Rozdział 34

864 18 0
                                    

Vivian

Czarna, krótka sukienka do połowy uda, botki na dość wysokim obcasie, dzięki czemu byłam jedynie odrobinę niższa od Aarona. Nie chciałam się zbytnio stroić, ale to w końcu miała być impreza. Zresztą chłopak przyglądał mi się z nieprzeniknionym wyrazem twarzy. Nie wiedziałam czy wyglądałam dobrze czy może trochę przesadziłam. Włosy wyprostowałam, więc były dużo dłuższe niż normalnie, i związałam je na czubku głowy. Nie chciałam się zbytnio malować, więc zrobiłam jedynie czarne kreski na powiekach.

Zaprowadzili mnie do klubu, w którym nigdy wcześniej nie byłam. Wszędzie znajdowała się fluorescencyjna farba, więc doskonale było widać bar, podwyższenie z didżejem, a także ludzi. Niektórzy od stóp do głów mieli na sobie tą farbę. Niesamowite miejsce.

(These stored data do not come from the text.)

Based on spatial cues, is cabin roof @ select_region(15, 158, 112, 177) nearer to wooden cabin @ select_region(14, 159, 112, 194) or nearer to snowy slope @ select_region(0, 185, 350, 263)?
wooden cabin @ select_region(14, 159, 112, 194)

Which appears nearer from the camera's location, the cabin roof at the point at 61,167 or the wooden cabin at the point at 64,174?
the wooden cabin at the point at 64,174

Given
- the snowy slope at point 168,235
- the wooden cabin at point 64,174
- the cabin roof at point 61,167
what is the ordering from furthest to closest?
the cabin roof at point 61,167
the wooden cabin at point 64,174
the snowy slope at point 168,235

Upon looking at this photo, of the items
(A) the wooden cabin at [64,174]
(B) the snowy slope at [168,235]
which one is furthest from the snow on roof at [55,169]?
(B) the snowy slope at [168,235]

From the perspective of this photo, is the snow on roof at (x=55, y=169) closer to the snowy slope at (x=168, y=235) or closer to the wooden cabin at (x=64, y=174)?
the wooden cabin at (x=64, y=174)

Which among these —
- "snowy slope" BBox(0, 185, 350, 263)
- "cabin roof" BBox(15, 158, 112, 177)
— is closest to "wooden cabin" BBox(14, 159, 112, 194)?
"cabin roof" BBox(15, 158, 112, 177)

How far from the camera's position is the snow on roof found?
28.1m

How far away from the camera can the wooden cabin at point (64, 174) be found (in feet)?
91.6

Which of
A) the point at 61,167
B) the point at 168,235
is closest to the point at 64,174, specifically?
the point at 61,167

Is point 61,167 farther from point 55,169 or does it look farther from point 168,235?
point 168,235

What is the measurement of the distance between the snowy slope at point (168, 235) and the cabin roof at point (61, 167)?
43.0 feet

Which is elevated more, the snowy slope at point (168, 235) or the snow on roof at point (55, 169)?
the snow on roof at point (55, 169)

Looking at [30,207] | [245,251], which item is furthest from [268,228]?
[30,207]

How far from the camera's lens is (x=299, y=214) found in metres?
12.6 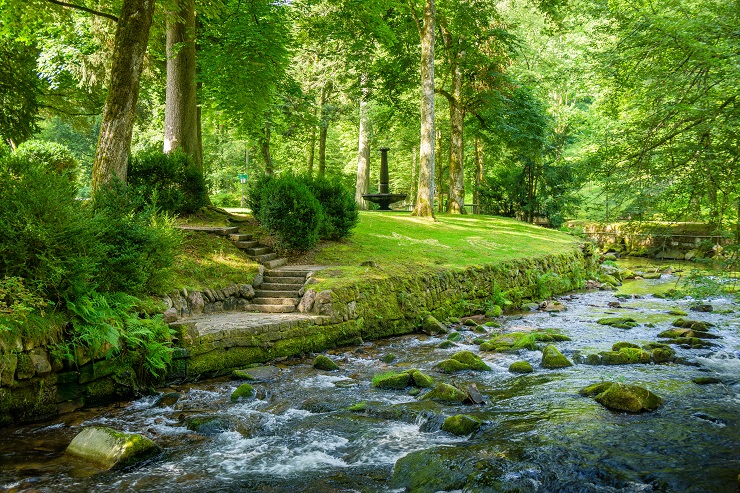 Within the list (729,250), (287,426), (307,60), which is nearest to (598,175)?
(729,250)

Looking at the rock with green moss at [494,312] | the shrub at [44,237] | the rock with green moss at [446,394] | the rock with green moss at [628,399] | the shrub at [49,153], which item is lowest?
the rock with green moss at [494,312]

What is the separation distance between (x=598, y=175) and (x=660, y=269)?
18.0 meters

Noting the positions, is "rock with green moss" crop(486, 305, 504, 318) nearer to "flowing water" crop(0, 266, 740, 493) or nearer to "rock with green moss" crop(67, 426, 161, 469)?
"flowing water" crop(0, 266, 740, 493)

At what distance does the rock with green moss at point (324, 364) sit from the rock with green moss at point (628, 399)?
13.2ft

Aaron przyniósł drinki. Wyczułam sok z marakui oraz wódkę. Uśmiechnęłam się do niego i upiłam dużo więcej. Nie chciałam dzisiaj za dużo wypić, ale jednak trochę tego potrzebowałam. Tylko żeby poczuć się jak wszystkie osoby w moim wieku i wreszcie się zabawić, zamiast zajmować wyłącznie „pracą”.

Anton siedział naprzeciwko mnie. W jednej dłoni trzymał szklankę z napojem, a drugą opierał na stoliku. Jednak drżała mu niespokojnie. Uderzał palcami o blat, wydawał się odrobinę podenerwowany. Spojrzałam w nieco rozszerzone źrenice. Chyba coś zaczęło do mnie docierać. Chciałam zrobić to tak, by Aaron niczego nie zauważył. Kiedy zaczął się rozglądać po pomieszczeniu, wbiłam wzrok w jego brata. Wyprostowałam nogę i kopnęłam Antona pod stołem. Spojrzał na mnie, zmarszczył brwi. poruszyłam ustami, które uformowały się w słowo: łazienka.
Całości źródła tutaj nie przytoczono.